ToNZ #2 – I think I’ve spent enough time in Oamaru to confirm that the two main attractions in the town are the little blue penguins and the Steampunk Museum. Here is a review about those.
There are two penguin colonies living in south of Oamaru: the little blue penguins and the yellow eyed penguins. They come to the shore from the sea every evening and you can observe them while it’s happening. The yellow eyed ones are more difficult to catch. They are really shy, their colony is a bit too far from the city and there are only a few pieces of them. The little blue ones are the real tourist magnets. They have an arrival schedule and they follow it very strictly. In the second half of December they come at 9pm, in June, when it’s getting dark earlier, they come at around 6pm. There are two observation points, the one where you have to pay, it’s mainly for Chinese tourists who always arrive in big groups with organized buses, and the free ones, which is for the ones who think that paying 30 dollars to see them (I mean the penguins) is not a smart way to spend their money.
First I went to the little blue penguins. These are the smallest penguins in the world and I was far away from them because I chose the free observation point. And my camera is not that good at zooming. So I didn’t take much photos. I could recognize that they are supposed to be penguins because of their cute way of walking but still, it was a bit disappointing. They just walked a few meters and disappeared behind the rocks.
Another day I biked to the yellow ones but I didn’t see any.
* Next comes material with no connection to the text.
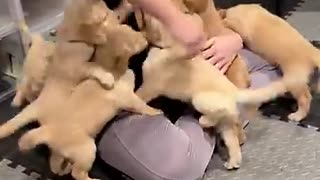Incredible: Golden Retriever Puppies Reunite With Nurse Who Delivered Them || Vi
Some people were waiting there for 2 hours and they told me that they already saw 7. Since the yellow eyed penguins don’t have a schedule, it’s not that easy to find out when they come.
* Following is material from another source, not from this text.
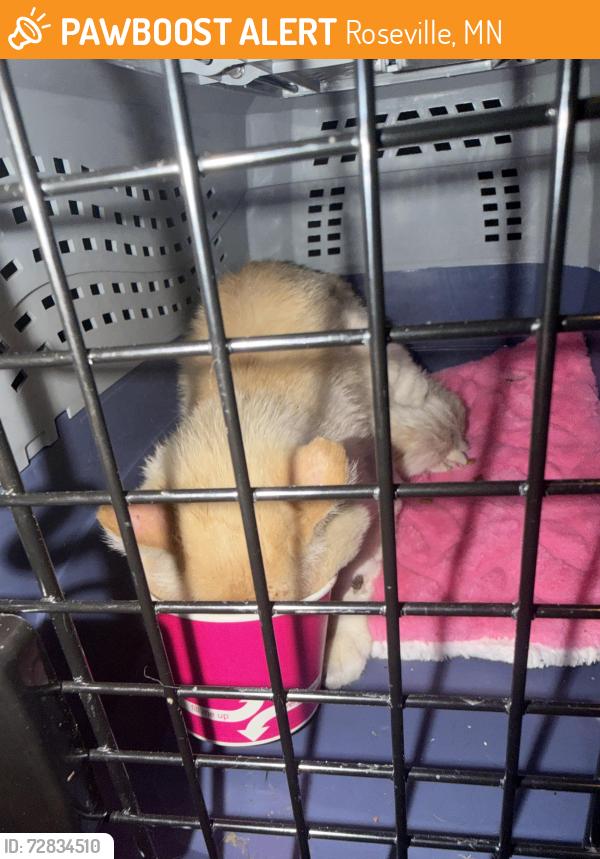 Found/Stray Unknown Cat last seen Roseville planet fitness , Roseville, MN 55113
Later I heard that I could go to the little blue penguins in the night and hang out with them. So I biked there with a Korean guest of the hostel at 11pm and indeed, a lot of them were chilling at the shore. When we went closer, some of them ran away, some of them stayed. Photos have been made.
If you want to see penguins in Oamaru, the best choice is the little blue ones in the late evening, about two hours after their official arrival time.
When I arrived to Oamaru, the first sign I saw was that it’s the steampunk capital of New Zealand. Some flyers said that it’s even the steampunk capital of the world! I’m not sure if the so called Steampunk Museum in the downtown is the reason or the consequence of this title. Anyway, I took a look there.
Steampunk is modern technology powered by steam and set in the 1800’s, says my recent google search result. So the “steam” part is obvious, and as for the “punk” part, it “comes from going against convention that, through creativity and declaration of one’s individuality be it through style, gadgets, or attitude, sets one apart.” Okay, I don’t want to go deeper because it doesn’t look too exciting to me, the point is that I went there and saw a lot of creatively constructed metal statues, some of them doing weird things. Like an organ making stupid noises.
There was only 2 rooms in the museum and an outdoor area (plus the portal, which was a small room with walls made of mirrors that made it look like a huge room) with around 20 smaller and bigger constructions. The ticket was 5$ which is more or less the highest price that I’d pay for such an exhibition.
But if you, dear blog reader have a secret perversion towards steampunk, this is definitely your place!